→ **TASK OBJECTIVE**:
From the records below, output exactly the lines running from the line containing "Rs 2000 Notes" through the line containing "Otkriven imigrant koji", and no others.

Excerpts from a dataset
================
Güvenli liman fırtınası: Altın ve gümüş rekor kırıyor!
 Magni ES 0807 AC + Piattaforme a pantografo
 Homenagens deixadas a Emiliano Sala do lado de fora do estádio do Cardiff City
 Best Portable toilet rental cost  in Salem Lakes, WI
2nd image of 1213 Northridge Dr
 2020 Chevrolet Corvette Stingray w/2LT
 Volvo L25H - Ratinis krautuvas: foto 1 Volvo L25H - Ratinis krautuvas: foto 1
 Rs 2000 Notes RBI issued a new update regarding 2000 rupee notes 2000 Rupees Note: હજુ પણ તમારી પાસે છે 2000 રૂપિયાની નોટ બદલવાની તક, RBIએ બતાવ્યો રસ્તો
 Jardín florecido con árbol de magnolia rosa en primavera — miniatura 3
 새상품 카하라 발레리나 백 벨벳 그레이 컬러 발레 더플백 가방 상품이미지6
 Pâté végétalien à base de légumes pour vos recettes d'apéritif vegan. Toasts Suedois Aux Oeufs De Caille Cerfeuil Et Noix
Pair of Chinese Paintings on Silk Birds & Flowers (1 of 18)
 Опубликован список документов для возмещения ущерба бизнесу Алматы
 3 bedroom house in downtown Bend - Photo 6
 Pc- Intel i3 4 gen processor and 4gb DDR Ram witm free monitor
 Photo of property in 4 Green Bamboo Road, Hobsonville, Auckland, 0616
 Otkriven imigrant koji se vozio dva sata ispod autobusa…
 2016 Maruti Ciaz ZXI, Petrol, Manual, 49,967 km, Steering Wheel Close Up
================
→ **TASK ANSWER**:
 Rs 2000 Notes RBI issued a new update regarding 2000 rupee notes 2000 Rupees Note: હજુ પણ તમારી પાસે છે 2000 રૂપિયાની નોટ બદલવાની તક, RBIએ બતાવ્યો રસ્તો
 Jardín florecido con árbol de magnolia rosa en primavera — miniatura 3
 새상품 카하라 발레리나 백 벨벳 그레이 컬러 발레 더플백 가방 상품이미지6
 Pâté végétalien à base de légumes pour vos recettes d'apéritif vegan. Toasts Suedois Aux Oeufs De Caille Cerfeuil Et Noix
Pair of Chinese Paintings on Silk Birds & Flowers (1 of 18)
 Опубликован список документов для возмещения ущерба бизнесу Алматы
 3 bedroom house in downtown Bend - Photo 6
 Pc- Intel i3 4 gen processor and 4gb DDR Ram witm free monitor
 Photo of property in 4 Green Bamboo Road, Hobsonville, Auckland, 0616
 Otkriven imigrant koji se vozio dva sata ispod autobusa…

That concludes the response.